Public safety forum Jan. 23
The coalition is hosting what it has called a “communities driving change forum” Jan. 23 at the Morris J. Wosk Centre for Dialogue in Vancouver. Terry Yung, Minister of State for Community Safety and Integrated Services, will be present and speak on behalf of the provincial government.
Yung is a recently retired VPD officer.
Addison acknowledged there are still very serious public safety challenges in the city. Among those challenges, he said, is chronic and violent retail theft, which often goes under-reported, but is having a significant impact on business owners, staff and shoppers.

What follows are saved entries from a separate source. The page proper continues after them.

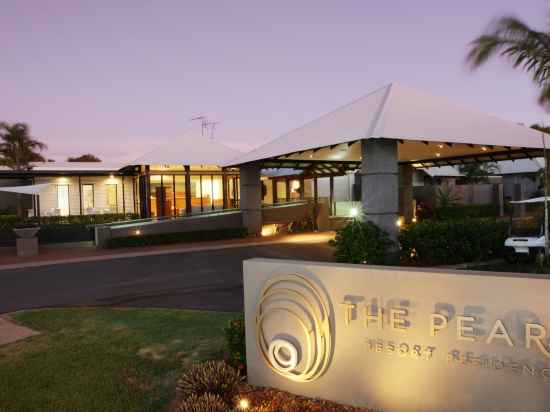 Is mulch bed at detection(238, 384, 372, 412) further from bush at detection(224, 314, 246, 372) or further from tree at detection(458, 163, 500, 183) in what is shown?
tree at detection(458, 163, 500, 183)

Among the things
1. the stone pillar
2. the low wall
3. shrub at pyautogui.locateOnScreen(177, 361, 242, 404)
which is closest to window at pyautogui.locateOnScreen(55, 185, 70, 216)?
the low wall

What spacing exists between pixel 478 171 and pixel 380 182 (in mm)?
30381

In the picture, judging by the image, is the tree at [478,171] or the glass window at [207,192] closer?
the glass window at [207,192]

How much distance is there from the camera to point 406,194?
25266mm

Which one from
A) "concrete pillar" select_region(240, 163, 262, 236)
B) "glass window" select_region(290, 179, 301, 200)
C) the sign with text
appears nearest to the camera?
the sign with text

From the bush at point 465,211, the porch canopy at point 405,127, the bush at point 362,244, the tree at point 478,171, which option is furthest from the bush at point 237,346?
the tree at point 478,171

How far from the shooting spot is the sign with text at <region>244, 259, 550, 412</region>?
3752mm

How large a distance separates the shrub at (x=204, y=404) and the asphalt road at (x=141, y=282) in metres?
4.41

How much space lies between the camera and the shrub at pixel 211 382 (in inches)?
187

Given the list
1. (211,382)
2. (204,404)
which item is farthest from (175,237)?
(204,404)

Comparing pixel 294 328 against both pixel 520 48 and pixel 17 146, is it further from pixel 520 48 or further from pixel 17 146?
pixel 17 146

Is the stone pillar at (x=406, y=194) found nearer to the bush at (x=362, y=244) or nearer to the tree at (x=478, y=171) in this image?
the bush at (x=362, y=244)

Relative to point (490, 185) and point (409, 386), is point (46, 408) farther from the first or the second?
point (490, 185)

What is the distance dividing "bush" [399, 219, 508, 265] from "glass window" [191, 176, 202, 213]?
62.4 feet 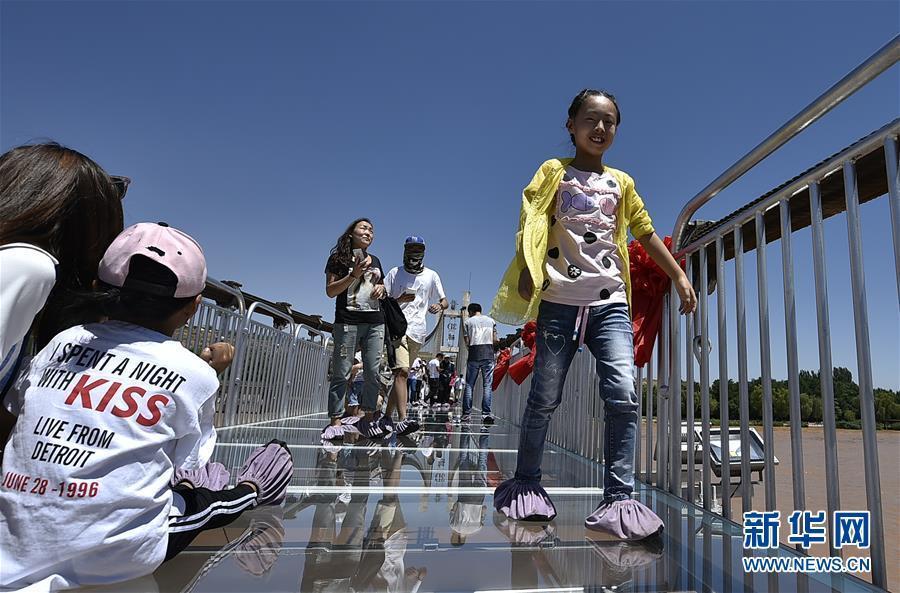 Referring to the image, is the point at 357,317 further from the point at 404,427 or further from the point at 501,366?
the point at 501,366

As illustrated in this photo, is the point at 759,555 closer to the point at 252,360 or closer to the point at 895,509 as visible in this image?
the point at 252,360

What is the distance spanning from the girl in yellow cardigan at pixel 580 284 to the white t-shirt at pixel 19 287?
4.72 feet

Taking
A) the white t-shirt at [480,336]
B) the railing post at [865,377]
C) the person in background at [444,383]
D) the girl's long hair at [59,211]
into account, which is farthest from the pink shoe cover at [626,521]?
the person in background at [444,383]

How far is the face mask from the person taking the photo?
472 centimetres

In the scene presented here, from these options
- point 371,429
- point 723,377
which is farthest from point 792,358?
point 371,429

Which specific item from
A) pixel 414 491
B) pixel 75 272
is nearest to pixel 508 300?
pixel 414 491

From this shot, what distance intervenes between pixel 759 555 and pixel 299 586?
1314 millimetres

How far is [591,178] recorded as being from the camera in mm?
2207

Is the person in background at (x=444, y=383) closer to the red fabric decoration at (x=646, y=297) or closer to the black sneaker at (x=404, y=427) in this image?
the black sneaker at (x=404, y=427)

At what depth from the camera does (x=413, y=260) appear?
472cm

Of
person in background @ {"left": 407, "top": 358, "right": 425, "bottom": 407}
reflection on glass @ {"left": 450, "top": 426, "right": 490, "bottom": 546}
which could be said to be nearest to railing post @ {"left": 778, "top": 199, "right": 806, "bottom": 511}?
reflection on glass @ {"left": 450, "top": 426, "right": 490, "bottom": 546}

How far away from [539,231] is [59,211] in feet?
4.91

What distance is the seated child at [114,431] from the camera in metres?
1.08

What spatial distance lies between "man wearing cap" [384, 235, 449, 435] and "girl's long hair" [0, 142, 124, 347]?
10.3ft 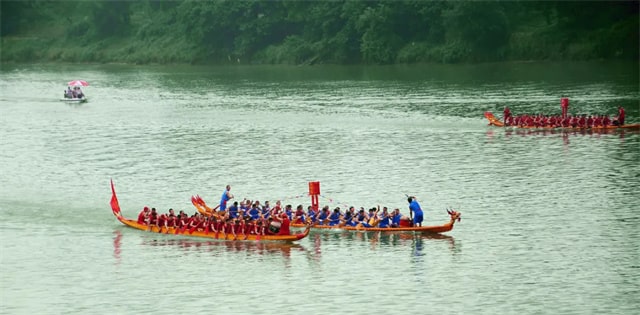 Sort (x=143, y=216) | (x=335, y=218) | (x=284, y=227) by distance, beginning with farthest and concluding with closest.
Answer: (x=143, y=216)
(x=335, y=218)
(x=284, y=227)

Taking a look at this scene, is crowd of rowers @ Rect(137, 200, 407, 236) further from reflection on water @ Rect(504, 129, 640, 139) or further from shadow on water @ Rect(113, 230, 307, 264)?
reflection on water @ Rect(504, 129, 640, 139)

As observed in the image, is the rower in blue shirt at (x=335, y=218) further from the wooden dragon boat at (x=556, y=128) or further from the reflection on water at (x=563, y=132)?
the wooden dragon boat at (x=556, y=128)

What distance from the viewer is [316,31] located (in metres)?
115

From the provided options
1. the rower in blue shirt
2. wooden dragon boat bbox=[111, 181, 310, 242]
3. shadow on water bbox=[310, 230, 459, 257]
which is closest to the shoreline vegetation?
the rower in blue shirt

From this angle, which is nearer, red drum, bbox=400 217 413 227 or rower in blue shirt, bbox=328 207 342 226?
red drum, bbox=400 217 413 227

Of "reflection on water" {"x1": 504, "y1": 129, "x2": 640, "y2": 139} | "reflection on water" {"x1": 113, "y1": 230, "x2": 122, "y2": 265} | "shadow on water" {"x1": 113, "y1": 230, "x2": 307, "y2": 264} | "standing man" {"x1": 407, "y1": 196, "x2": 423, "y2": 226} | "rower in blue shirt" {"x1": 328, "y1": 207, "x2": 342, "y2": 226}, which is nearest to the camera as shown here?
"shadow on water" {"x1": 113, "y1": 230, "x2": 307, "y2": 264}

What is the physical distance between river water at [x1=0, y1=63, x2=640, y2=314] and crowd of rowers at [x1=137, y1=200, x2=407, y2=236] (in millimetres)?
588

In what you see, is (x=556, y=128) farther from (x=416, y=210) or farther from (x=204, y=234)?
(x=204, y=234)

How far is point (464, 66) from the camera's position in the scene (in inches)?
4131

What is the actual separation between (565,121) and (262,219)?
2917cm

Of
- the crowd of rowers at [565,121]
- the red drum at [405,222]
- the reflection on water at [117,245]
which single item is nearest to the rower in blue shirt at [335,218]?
the red drum at [405,222]

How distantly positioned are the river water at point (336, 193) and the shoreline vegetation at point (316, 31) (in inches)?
341

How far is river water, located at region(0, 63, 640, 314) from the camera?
3378 cm

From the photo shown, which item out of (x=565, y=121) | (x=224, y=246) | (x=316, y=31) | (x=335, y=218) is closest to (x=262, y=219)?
(x=224, y=246) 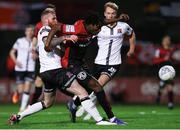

“This problem is largely fueled by drug addiction and the illicit market for stolen goods,” he said.
Abandoned calls
The Vancouver police data is based on reports, with the number of to the VPD’s non-emergency phone line not accounted for in the statistics. The data also doesn’t include, for example, a vehicle owner who couldn’t be bothered to report a break-in.
Abandoned calls to the VPD has been a regular topic of discussion at police board meetings, with Palmer and some of his deputy chiefs repeatedly saying how the E-Comm dispatch service — which operates the line — has to do better.
The number of abandoned calls recorded for the first nine months of the year in 2024 totalled 18,305, compared to 40,485 in 2023. E-Comm continues to use new technology to improve the service.
“However, previous negative experiences by members of the public may dissuade them from calling again even if caller wait times improve,” said a report that went before the police board in November 2024.
In a previous presentation to the police board, Simon Demers, the VPD’s director of planning, research and audit section, said an analysis of 88,000 abandoned calls in 2021 suggested there would have been an additional 1,700 reports of break-ins to homes and businesses.
Added to those crime reports would have been 1,000 thefts, 600 assaults, 500 calls related to mischief and 200 for fraud, Demers said at the time.